William Chitham01/07/2020 12:06:24
44 forum posts
14 photos

I'm an absolute beginner but it occurs to me that if the cutter isn't perfectly aligned with the spindle it would describe a cone which would create an undercut, for example if the cutter was bent. If it happens with different cutters then maybe there is some crud in the spindle nose that prevents the collet from seating properly or maybe even the spindle is bent?

William.

AdrianR01/07/2020 14:43:59
486 forum posts
25 photos

All my tests were with the spindle, Z and X all clamped down. Have not tried it with a loose spindle.

I have discounted a bent cutter as I have tried 4 different cutters, 3 of them were different makes, one was brand new out of the sealed box.

Also doing two spring passes removes the undercut, so the tool must be parallel and running true.

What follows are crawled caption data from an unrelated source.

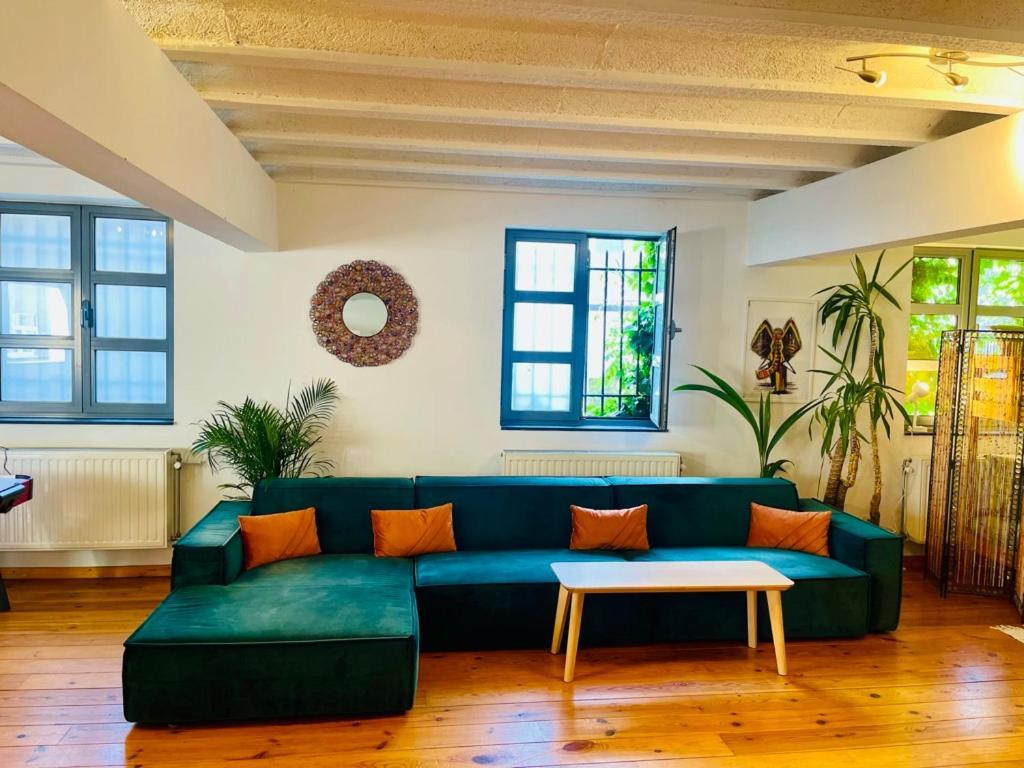 Down Town Oasis-Spacious Loft With Private Parking Брюссель Екстер'єр фото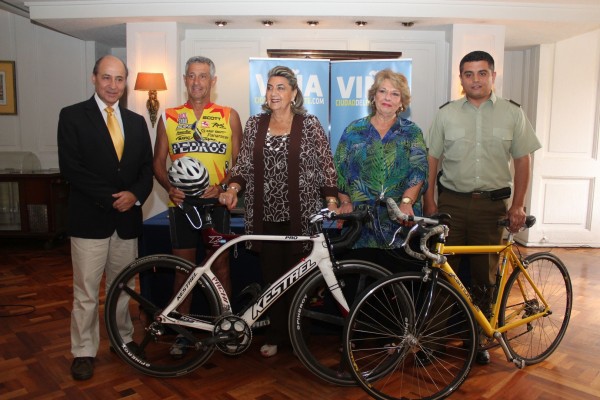Alcaldesa Virginia Reginato, lanzamiento triatlón 2015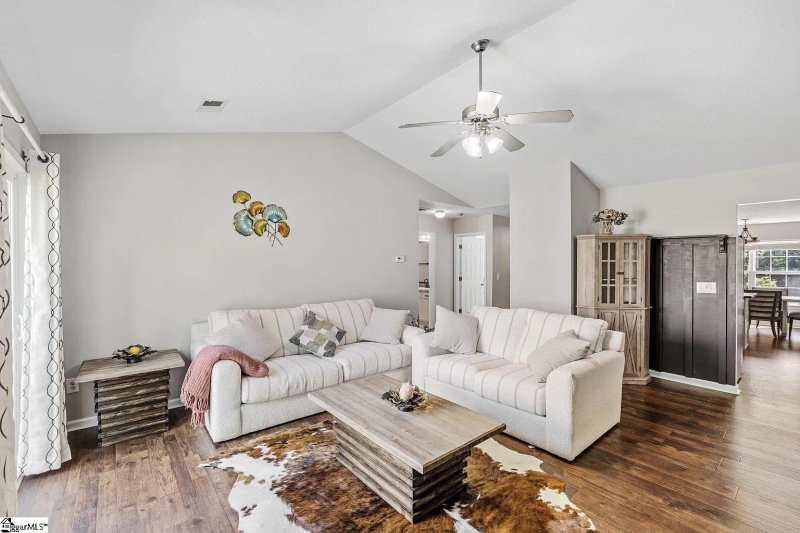 Property image 5 at 308 Juniper Leaf Way, Greer, SC 29651-3943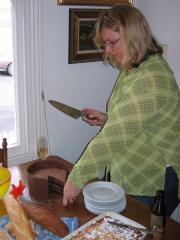 Auckland: Suzie schneidet den Geburtstagskuchen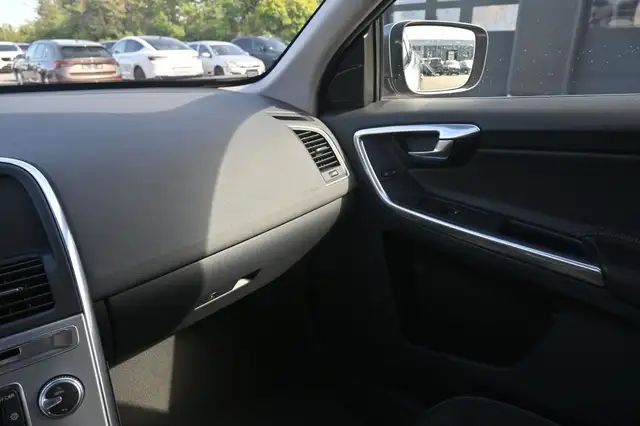 Volvo XC60 view 24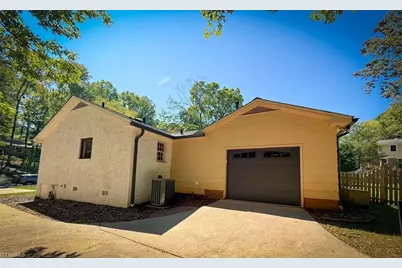 4706 Horseshoe Lane, Greensboro, NC 27410 - Photo 5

I think the most likely cause is head vibration, the cutter gets forced away from the work while in contact and then springs back between cuts. Which is why at high RPM it cuts true, it does not have time to move between cuts and the head deflection is averaged out.

I had a look with a magnifying glass and the undercut is not straight but convex which could also be explained by the above movement.